Top of Exercise inputs

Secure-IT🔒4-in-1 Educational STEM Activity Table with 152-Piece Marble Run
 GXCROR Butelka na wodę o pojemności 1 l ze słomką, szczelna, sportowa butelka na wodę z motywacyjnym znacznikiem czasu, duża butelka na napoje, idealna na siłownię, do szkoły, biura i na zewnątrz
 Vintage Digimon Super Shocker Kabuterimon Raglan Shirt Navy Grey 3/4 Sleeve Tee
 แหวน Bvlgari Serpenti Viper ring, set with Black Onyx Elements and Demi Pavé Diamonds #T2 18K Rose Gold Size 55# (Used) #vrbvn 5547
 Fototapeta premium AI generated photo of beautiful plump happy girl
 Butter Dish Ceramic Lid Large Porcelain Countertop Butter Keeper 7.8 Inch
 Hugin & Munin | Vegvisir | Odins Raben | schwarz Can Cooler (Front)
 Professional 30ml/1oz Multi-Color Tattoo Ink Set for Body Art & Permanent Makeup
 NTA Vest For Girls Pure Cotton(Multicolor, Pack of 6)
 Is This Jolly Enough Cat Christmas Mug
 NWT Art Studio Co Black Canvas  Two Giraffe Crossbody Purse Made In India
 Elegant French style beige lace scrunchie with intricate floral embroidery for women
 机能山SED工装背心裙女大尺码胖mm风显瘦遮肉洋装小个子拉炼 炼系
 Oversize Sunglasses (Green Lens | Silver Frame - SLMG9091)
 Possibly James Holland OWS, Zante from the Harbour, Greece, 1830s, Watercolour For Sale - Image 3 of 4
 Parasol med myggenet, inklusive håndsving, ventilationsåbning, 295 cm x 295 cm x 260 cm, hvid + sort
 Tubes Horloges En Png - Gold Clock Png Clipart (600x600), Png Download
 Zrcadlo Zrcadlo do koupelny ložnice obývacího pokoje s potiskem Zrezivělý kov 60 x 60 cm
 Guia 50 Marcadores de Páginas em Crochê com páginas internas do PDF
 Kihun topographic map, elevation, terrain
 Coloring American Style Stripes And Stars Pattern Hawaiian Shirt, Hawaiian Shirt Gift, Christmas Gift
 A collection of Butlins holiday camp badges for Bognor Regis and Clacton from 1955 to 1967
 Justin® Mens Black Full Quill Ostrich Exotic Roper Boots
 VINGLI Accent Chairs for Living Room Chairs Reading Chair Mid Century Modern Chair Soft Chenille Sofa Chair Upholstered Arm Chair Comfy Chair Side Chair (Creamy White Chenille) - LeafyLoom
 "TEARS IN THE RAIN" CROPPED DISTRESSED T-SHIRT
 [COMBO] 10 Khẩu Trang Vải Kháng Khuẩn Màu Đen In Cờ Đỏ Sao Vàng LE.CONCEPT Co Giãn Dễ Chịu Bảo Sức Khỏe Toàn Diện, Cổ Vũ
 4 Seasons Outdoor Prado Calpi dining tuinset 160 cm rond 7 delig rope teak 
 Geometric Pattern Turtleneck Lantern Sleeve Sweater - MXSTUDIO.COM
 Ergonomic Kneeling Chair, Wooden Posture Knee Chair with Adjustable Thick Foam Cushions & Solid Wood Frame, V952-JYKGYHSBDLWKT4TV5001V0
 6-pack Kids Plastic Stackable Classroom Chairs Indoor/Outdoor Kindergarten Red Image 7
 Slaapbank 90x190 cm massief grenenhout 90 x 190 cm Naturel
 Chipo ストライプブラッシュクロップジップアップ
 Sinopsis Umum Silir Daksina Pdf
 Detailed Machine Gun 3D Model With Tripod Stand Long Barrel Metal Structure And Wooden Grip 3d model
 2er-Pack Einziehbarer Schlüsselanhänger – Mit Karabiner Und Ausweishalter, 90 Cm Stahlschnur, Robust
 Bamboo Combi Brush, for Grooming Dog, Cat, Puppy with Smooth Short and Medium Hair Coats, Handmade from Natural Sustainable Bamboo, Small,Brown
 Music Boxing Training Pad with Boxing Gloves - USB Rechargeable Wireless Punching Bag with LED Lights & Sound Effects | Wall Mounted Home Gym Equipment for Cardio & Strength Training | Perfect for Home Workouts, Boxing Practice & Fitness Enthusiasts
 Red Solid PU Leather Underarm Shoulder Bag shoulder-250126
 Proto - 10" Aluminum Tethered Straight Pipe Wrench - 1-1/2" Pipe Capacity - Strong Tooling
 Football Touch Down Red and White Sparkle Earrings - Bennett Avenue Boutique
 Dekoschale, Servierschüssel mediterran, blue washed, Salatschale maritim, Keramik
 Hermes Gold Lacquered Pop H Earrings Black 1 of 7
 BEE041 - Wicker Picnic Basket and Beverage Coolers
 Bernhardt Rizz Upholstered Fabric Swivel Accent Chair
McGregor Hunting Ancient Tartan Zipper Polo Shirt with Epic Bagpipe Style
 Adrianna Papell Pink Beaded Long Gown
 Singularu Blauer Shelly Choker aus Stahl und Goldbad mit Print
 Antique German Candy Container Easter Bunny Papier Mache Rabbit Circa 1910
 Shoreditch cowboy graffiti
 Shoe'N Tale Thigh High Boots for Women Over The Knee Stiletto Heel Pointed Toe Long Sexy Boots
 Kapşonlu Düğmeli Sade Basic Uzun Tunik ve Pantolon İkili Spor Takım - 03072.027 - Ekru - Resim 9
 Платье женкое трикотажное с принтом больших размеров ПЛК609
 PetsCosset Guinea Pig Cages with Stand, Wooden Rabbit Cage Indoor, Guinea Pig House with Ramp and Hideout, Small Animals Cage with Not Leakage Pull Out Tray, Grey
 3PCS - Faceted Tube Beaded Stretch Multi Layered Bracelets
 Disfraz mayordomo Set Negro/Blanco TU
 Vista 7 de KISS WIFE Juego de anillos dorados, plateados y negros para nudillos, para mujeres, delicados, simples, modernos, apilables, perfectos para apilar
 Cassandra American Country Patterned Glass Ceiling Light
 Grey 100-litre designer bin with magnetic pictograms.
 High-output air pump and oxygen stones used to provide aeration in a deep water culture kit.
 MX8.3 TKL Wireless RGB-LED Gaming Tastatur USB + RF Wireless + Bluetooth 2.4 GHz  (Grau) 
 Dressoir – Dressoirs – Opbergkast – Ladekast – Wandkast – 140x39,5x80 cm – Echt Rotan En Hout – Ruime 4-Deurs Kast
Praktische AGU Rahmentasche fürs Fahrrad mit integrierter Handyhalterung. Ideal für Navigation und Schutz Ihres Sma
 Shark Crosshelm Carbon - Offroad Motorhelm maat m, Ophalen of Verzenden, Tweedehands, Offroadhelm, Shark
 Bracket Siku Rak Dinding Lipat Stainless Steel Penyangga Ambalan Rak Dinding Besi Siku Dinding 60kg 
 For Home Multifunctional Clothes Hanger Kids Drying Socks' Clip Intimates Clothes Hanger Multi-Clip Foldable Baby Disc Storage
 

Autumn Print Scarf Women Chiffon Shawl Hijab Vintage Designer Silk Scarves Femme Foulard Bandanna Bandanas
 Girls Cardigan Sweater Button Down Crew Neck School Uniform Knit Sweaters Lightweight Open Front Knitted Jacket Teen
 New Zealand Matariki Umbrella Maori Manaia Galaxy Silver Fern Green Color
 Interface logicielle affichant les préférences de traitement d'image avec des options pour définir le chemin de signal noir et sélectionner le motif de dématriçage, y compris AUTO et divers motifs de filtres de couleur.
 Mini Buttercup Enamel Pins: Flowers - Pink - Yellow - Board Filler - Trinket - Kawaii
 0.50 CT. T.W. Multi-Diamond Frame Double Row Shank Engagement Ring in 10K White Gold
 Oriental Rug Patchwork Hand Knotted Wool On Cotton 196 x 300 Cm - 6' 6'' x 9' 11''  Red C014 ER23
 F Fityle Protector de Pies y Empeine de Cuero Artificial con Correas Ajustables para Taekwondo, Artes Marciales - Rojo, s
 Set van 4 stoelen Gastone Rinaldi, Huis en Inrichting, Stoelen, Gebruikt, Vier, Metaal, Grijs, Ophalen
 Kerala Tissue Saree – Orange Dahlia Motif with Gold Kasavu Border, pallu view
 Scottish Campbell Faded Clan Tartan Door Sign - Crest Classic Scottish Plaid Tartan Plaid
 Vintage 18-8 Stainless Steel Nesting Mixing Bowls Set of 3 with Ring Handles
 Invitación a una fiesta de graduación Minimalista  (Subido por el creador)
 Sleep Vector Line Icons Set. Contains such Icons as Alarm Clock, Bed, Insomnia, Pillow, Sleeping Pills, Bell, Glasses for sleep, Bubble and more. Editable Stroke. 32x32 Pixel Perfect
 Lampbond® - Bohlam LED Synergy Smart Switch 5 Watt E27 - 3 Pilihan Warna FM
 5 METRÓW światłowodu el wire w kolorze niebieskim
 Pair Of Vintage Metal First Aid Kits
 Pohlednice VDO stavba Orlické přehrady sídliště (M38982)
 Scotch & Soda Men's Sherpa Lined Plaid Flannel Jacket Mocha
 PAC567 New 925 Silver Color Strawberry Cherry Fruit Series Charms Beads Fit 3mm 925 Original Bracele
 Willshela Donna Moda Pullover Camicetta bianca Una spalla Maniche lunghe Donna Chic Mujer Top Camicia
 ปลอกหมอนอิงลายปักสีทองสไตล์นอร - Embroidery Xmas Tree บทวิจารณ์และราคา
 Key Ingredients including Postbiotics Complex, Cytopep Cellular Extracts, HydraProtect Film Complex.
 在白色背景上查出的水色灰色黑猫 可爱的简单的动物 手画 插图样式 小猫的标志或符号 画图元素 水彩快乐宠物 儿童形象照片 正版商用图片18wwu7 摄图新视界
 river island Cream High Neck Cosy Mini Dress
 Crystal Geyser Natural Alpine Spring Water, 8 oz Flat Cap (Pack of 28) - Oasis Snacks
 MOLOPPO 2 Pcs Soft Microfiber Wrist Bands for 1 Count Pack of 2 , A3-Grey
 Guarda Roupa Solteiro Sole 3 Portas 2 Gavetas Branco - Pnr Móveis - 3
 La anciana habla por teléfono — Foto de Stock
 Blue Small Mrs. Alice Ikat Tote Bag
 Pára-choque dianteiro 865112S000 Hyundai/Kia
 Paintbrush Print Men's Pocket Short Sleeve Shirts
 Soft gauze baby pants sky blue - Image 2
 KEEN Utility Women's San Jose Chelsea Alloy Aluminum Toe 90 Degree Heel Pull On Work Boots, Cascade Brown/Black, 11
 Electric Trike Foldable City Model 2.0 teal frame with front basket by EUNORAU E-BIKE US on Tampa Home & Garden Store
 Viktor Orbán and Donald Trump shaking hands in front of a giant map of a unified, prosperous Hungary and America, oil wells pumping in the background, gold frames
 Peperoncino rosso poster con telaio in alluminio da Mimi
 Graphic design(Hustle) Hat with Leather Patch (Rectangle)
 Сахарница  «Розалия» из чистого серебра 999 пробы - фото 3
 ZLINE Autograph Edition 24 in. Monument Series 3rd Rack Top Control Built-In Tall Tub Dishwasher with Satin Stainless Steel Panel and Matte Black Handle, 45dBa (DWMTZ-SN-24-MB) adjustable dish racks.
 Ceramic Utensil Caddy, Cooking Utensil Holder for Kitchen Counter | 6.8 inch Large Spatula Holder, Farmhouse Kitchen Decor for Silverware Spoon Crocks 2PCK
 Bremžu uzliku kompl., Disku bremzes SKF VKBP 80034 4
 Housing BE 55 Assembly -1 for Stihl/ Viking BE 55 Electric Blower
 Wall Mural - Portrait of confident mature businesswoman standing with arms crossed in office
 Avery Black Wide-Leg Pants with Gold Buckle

Bottom of Exercise inputs

§ **Required work**: Exactly and only the lines from the one containing "Bremžu uzliku kompl., Disku" to the end of the entries above are to be written out.

§ **Result for this exercise**:
 Bremžu uzliku kompl., Disku bremzes SKF VKBP 80034 4
 Housing BE 55 Assembly -1 for Stihl/ Viking BE 55 Electric Blower
 Wall Mural - Portrait of confident mature businesswoman standing with arms crossed in office
 Avery Black Wide-Leg Pants with Gold Buckle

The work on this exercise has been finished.